● **ACTIVITY**
Output, verbatim and without pictures, the lines from the first line of the listing through the line containing "纪录片《El Medico: The".

● **SUPPLIED RECORDS**
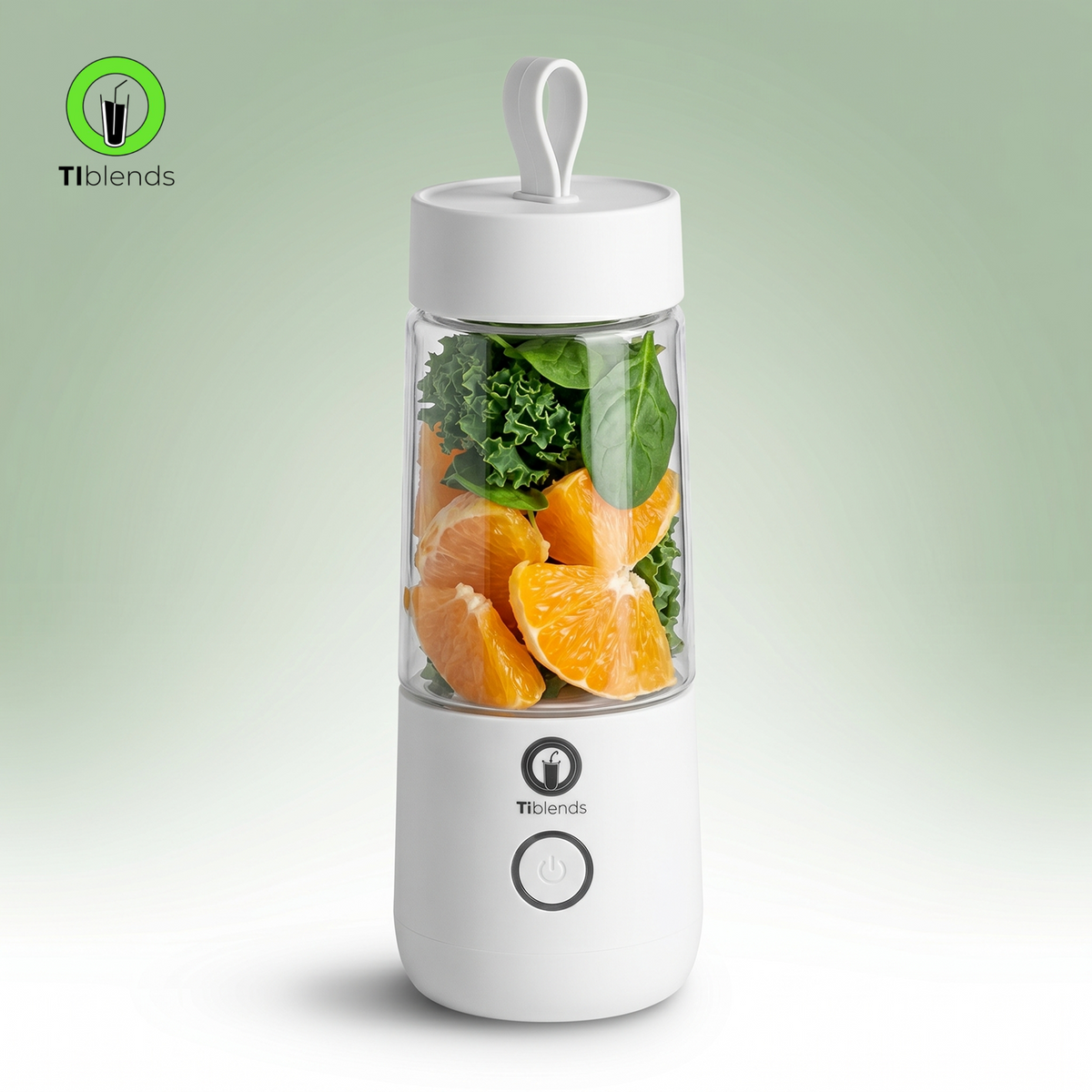 Rechargeable Portable Blender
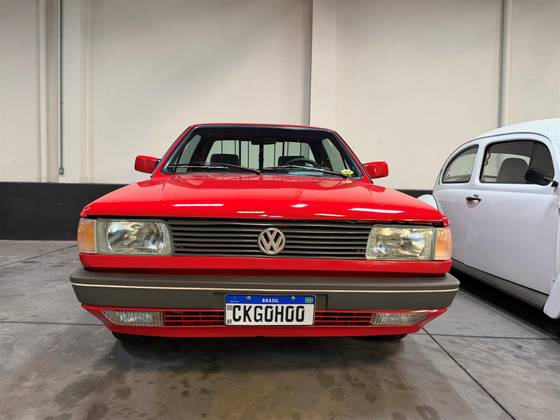VOLKSWAGEN SAVEIRO 1.8 MI SUMMER CS 8V GASOLINA 2P MANUAL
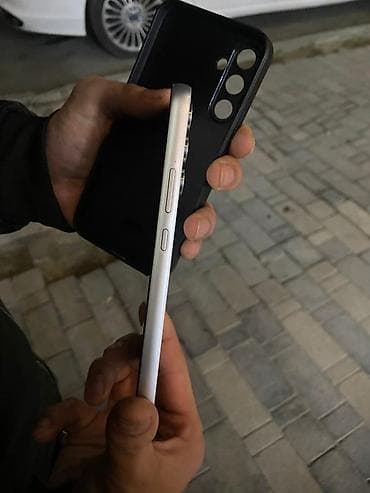 game boy: Samsung Galaxy A54 5G, 128 ГБ, цвет - Белый, Отпечаток пальца — 4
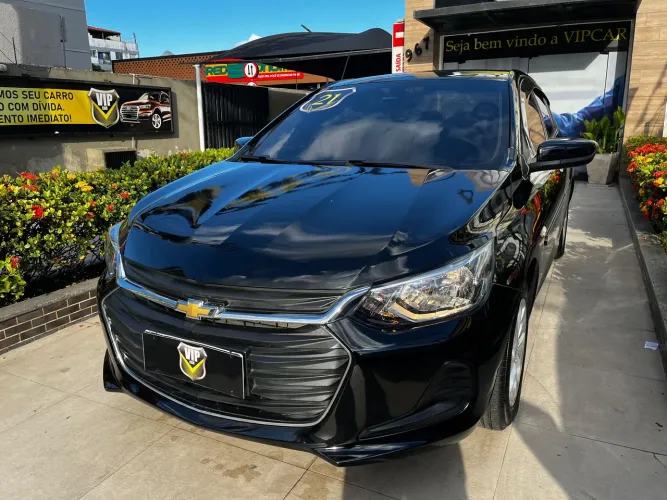 ONIX PLUS LT AUTOMATICO COMPLETO 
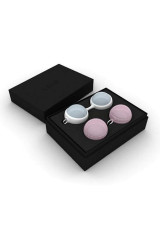 LELO - LUNA PERLINE MINI SFERE CINESI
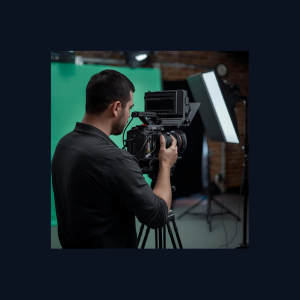 Video y fotografía de productos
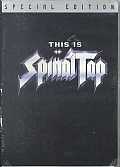 This Is Spinal Tap: Special Edition (Widescreen) Cover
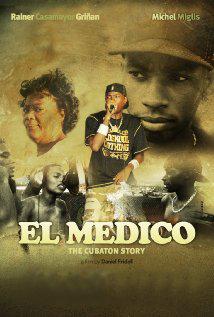 纪录片《El Medico: The Cubaton Story》（2010古巴 / 瑞典）--高清4K/1080P迅雷BT资源下载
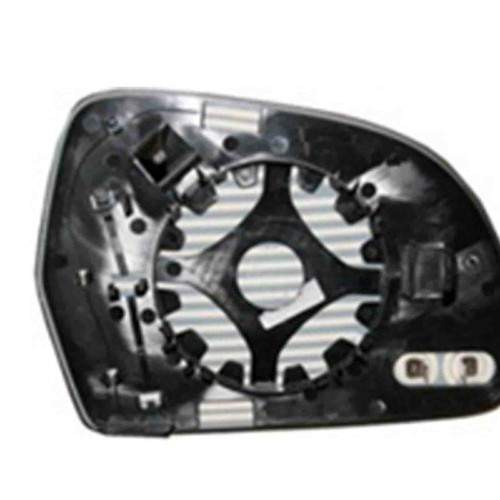 Piastra specchio termica audi - specchio,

● **EXERCISE SOLUTION**
 Rechargeable Portable Blender
VOLKSWAGEN SAVEIRO 1.8 MI SUMMER CS 8V GASOLINA 2P MANUAL
 game boy: Samsung Galaxy A54 5G, 128 ГБ, цвет - Белый, Отпечаток пальца — 4
 ONIX PLUS LT AUTOMATICO COMPLETO 
 LELO - LUNA PERLINE MINI SFERE CINESI
 Video y fotografía de productos
 This Is Spinal Tap: Special Edition (Widescreen) Cover
 纪录片《El Medico: The Cubaton Story》（2010古巴 / 瑞典）--高清4K/1080P迅雷BT资源下载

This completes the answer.